• **DATA EXCERPT**
+ + + + + + +

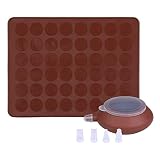 TheStriven Macaron Silikon Backmatte Form Set Macarons Backmatte Braun Silikon Backmatte 48 Löcher Macarons Silikonmatte Silikonform Antihaftbeschichtet Mold Macarons mit Dekorieren Stift und 5 Dü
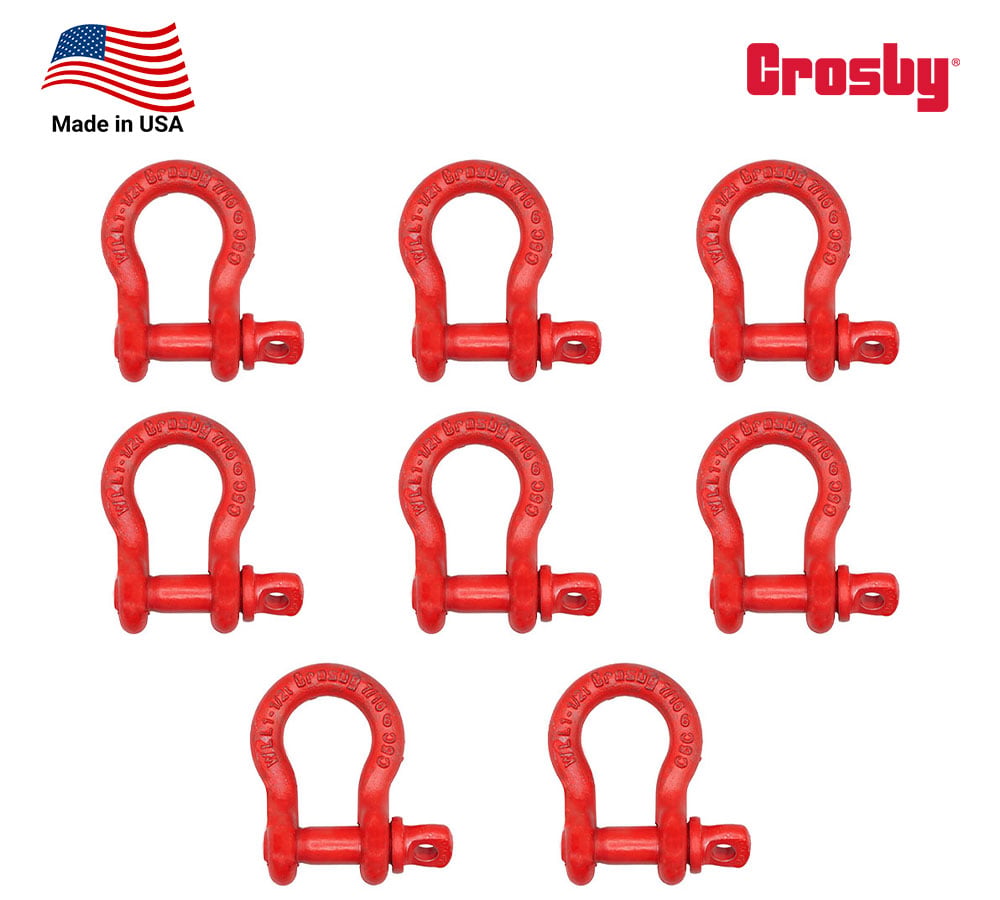 8 Pack Crosby S-209 7/16" Anchor Shackle Carbon Steel w/Alloy Screw Pin 3,300 lbs WLL, Red Painted Heavy Duty D Ring Shackle for Towing, Rigging & Vehicle Recovery, 1018446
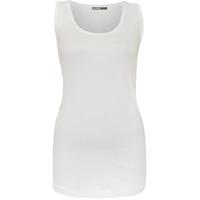 Isabel Basic Ribbed Sleeveless Vest Top - White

+ + + + + + +

• **TASK REQUIREMENTS**
Reproduce the listing above from the line that contains "8 Pack Crosby" through its final line, exactly and with nothing added. Omit the images.

• **REPLY TO THE EXERCISE**
 8 Pack Crosby S-209 7/16" Anchor Shackle Carbon Steel w/Alloy Screw Pin 3,300 lbs WLL, Red Painted Heavy Duty D Ring Shackle for Towing, Rigging & Vehicle Recovery, 1018446
 Isabel Basic Ribbed Sleeveless Vest Top - White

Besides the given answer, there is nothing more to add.